HOW TO COMPLETE THIS TASK: Everything from the line containing "223 Cottongame Road, Weatherford, TX 76088" to the final line of the records below should be given again exactly, and nothing else.

SUPPLIED MATERIAL:
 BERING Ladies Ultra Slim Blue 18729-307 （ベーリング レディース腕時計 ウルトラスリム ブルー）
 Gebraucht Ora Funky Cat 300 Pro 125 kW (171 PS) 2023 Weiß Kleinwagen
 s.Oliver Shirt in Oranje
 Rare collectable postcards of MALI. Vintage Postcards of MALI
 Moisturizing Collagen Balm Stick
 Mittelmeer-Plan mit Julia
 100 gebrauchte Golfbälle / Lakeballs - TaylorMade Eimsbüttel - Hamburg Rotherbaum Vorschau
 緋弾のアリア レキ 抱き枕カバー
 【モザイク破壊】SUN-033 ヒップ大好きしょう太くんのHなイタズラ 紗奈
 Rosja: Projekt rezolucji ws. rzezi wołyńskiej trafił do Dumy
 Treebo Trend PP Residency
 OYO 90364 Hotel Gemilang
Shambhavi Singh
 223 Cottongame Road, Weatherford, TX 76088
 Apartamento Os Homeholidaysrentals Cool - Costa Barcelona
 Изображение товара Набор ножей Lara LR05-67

ANSWER TO THIS PROBLEM:
 223 Cottongame Road, Weatherford, TX 76088
 Apartamento Os Homeholidaysrentals Cool - Costa Barcelona
 Изображение товара Набор ножей Lara LR05-67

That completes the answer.